Problem description => Beginning with the line where "Hand-Painted Metal Horse" appears, restate each line word for word until the data ends. Pictures do not go in.

Stored data =>

• • • • •

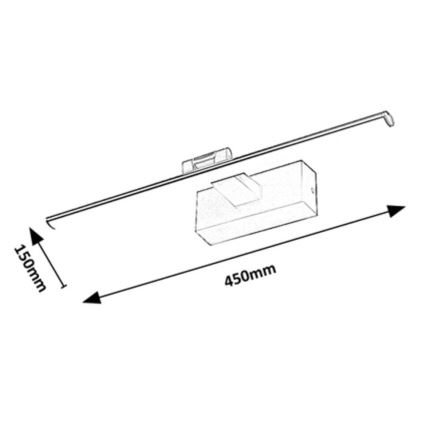 Rabalux - Φωτιστικό πίνακα LED LED/8W/230V 3000K 45 cm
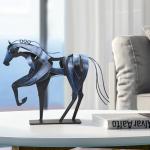 Hand-Painted Metal Horse Statue - Unique Decor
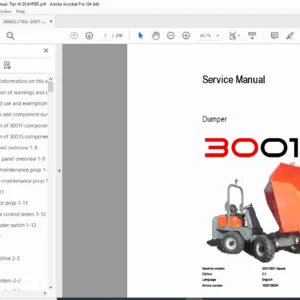 Tier III Dumper Service Repair & Maintenance Manual PDF Download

• • • • •

Solution for this task =>
 Hand-Painted Metal Horse Statue - Unique Decor
 Tier III Dumper Service Repair & Maintenance Manual PDF Download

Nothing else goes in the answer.